November 15, 2013

‘What would you cut?’

‘Nonpartisan’ play on the Constitution follows federal debt talk

By Christopher Smith

— Members of the Friends of the Constitution, a group of actors who bring early American history to life on stage, hope to give more power to the people through their performance on Saturday.

Local residents will have a chance to imagine being in charge of spending cuts to the federal budget during a workshop on Saturday from 4:30 to 6:30 p.m. at Crosspointe Christian Centre in Dalton before doors open for “Founding Fathers,” a play about the creation of the Constitution set for 7 p.m. The play is directed by Virginia McChesney and has a cast of 31.

The workshop is one of several government education booths before the show, which take about 45 minutes to go through, said event organizers. Those who take part in the pre-show education can attend the play for free. All others pay $5.

Keith Cochran, an accountant from Tunnel Hill, is leading the federal budget workshop in an effort to inform people about the nation’s rising debt, now more than $17 trillion.

Cochran said he will provide an itemized list of the federal budget to educate citizens about where tax dollars are spent, asking them, “What would you cut?” as a kickoff to one-on-one conversations.

“This isn’t a Republican or Democratic thing,” he said. “This is about educating citizens.”

Cochran, who saw the “Founding Fathers” show when it opened in Rome last September, said he “didn’t even know you could get a copy of the federal budget” until recently. Making sure others aren’t as “out of the loop” is why he said he facilitated bringing the cast, all residents of Rome, to Dalton.

Janice Hadaway, director of the Friends of the Constitution, said the cast is happy to put on another show, if only to “get people talking about important issues.” Most Americans, Hadaway said, are “largely ignorant” of American history, the Constitution and government spending.

“The very fact that a lot of Americans are ignorant puts us all in a very awkward position,” she said. “If we don’t even know what the Constitution says, how can we hold elected officials accountable?”

Hadaway said she didn’t know much about the government before the housing market crisis of 2008, which led to high unemployment and a nationwide recession. After that, she said, she wanted to make sure federal officials were actually doing their jobs.

For Cochran, rising federal debt is “scary” because it could mean more economic woes in the future and, in a disaster scenario, “slavery.”

“There’s two ways to enslave a person,” he said. “The first is chains on our wrists. ... The other way is to load someone with so much debt.”

Cochran said the rising national deficit will either usher in another government, “probably something socialist,” require printing money and lowering the value of the dollar, or demand hefty taxes that hurt individuals’ paychecks.
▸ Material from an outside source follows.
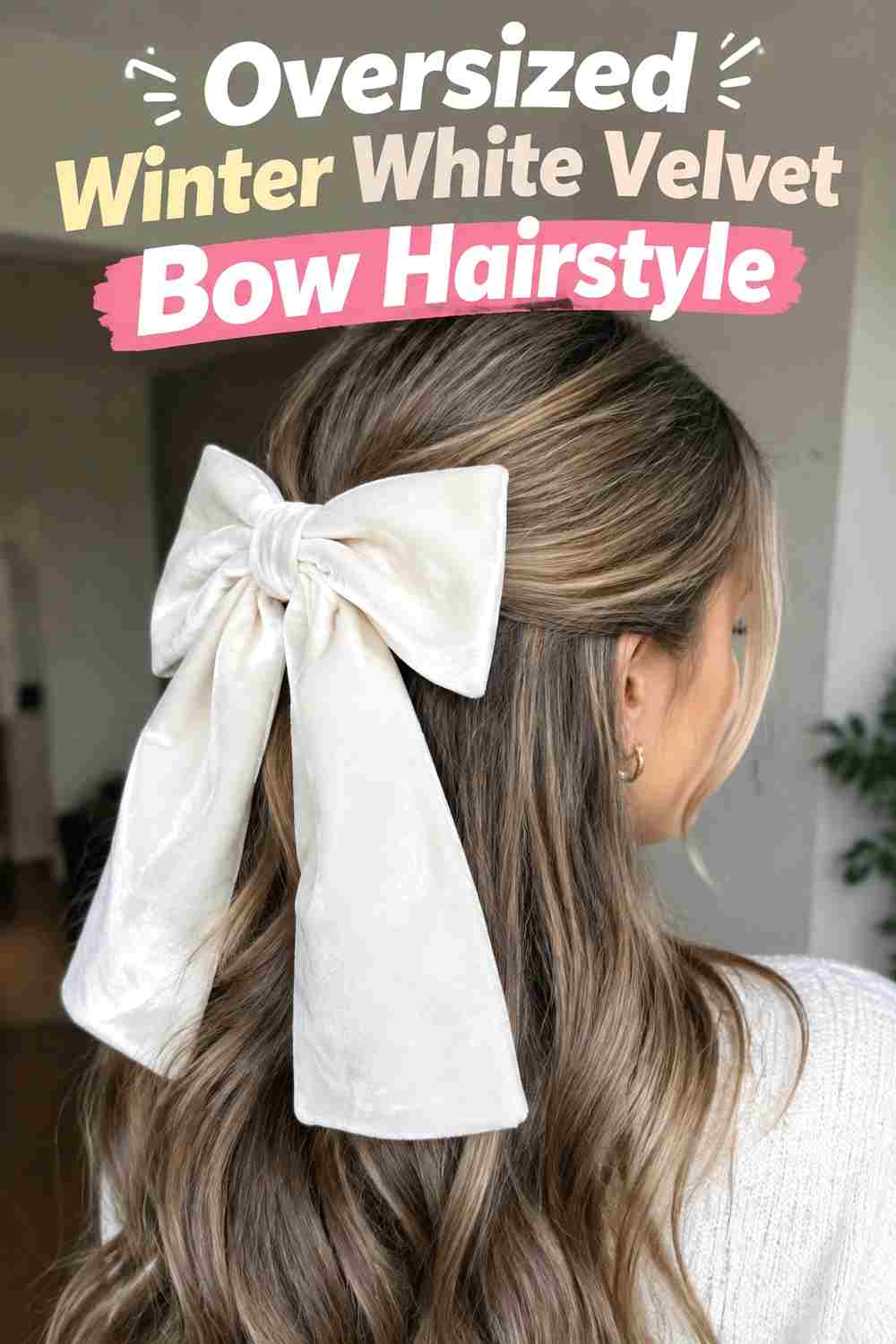 15. Oversized Winter White Velvet Bow Hairstyle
That’s if Americans don’t demand specific, deep cuts to government spending, Cochran said.

Cochran, who supports a small, conservative government model, said he wants to see cuts to social initiatives like Social Security, WIC (Women, Infants and Children) or Medicare, and added that “Democrats should want to find cuts, too” because “debt impacts us all.”
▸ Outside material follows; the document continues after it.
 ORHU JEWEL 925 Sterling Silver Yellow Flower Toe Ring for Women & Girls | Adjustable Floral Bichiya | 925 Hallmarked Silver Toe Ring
Hadaway emphasized the production is “nonpartisan” and doesn’t endorse one view over another, featuring actors from across the political spectrum.

“Our objective is to educate citizens on what the Constitution allows the government to do and what it allows them to spend money on,” she said. “People can figure out for themselves if that’s actually what’s happening in our country. This is about education and empowering the people.”